Probably Callum, because he loves it. I think anyone that loves food is someone you want to cook for, don’t you? He’s definitely the most eager to eat, which is lovely.
And I loved when he was being Mrs. Hall and cooking. He had his pinny on and he really got into it. I had to make sure the mashed potatoes were quite lumpy. We had discussions around, “He’s really made an effort. He’s come along, but he’s still not quite got there. It has to look like he’s proud of this. He’s done well with this, but it’s not Mrs. Hall’s standard.” So I had to do things differently. My children came home from school and asked, “Mummy, what are you doing?” I was burning the sausages, and sausages actually take a really long time to burn when you want them to. I said, “Tristan’s cooking today, so Mummy’s got to burn the sausages.”
How did you come to be a food stylist and home economist for film and television?
There’s a question! I used to work on cookery programs primarily, things like Master Chef and Great British Menu. I worked in London doing that for, I don’t even know how long. Those programs were my babies before I had real ones. Then when I moved up to Yorkshire to have my babies, there weren’t very many cookery programs and traveling became difficult. So I started working on Victoria—
We aired Victoria!
Oh, did you? It’s lovely. I did things like the big baron of beef and all of Francatelli’s spun sugar. That was just wonderful, I loved every minute of it. From there, I carried on working with all the people that worked on that.

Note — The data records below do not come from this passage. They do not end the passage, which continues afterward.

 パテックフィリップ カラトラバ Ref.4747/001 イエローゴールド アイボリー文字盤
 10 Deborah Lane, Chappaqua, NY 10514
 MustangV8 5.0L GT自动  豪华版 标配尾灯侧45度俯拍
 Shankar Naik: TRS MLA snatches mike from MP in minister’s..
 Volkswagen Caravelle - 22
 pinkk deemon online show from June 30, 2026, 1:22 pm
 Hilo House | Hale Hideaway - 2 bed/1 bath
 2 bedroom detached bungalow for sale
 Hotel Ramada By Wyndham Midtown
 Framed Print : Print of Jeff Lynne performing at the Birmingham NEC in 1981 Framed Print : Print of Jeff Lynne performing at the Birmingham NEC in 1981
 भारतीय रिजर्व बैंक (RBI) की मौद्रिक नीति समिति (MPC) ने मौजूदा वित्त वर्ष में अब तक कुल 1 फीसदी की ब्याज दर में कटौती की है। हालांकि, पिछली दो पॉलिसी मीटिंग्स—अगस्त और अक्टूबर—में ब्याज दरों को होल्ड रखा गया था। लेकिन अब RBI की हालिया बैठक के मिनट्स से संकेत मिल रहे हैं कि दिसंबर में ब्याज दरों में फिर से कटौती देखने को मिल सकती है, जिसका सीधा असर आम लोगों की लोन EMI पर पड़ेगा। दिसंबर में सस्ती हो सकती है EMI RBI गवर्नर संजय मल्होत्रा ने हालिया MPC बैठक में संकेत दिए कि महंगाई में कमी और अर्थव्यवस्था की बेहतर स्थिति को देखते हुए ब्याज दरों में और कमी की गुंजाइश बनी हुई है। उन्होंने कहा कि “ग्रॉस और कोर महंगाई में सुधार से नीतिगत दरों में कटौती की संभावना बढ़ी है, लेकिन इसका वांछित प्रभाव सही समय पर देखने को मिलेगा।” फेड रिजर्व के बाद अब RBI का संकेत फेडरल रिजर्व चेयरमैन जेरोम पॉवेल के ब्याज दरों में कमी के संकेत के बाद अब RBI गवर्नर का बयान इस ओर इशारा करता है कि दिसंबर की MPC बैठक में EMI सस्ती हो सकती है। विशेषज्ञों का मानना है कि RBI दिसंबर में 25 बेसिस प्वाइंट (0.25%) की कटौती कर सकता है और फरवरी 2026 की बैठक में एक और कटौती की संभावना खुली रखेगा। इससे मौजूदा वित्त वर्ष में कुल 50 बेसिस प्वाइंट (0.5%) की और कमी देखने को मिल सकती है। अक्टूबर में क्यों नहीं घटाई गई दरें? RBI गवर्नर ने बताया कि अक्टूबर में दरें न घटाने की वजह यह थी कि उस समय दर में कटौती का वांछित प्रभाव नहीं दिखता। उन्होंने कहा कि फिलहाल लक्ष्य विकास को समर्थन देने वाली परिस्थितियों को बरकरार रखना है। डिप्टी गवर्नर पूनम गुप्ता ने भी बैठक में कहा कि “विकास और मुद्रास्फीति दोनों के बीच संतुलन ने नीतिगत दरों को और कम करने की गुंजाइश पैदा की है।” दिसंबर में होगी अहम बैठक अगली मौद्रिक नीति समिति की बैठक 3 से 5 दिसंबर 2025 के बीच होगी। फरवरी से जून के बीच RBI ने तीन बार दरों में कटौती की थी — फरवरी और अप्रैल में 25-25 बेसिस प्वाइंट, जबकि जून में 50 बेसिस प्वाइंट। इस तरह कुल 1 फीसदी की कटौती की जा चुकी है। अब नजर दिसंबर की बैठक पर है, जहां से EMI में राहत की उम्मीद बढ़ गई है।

I was filming Gentleman Jack at the same time as All Creatures, so I was forever just trying to remember which era I was in, because one day I’d be in the Georgian era and then the next day between the wars. There’s been lots of interesting food from many different eras over the years.
All Creatures is a lovely job to work on because it’s really local to me—normally I have to travel for hours, whereas this is 20 minutes down the road, which is a bit of a treat. I take my dog and leave him in the car so we can walk all along the river at lunchtime when I have a break. Quite a few people bring their dogs, so there are always a few wandering around at lunchtime. It really is All Creatures Great and Small, on and off camera. It’s lovely.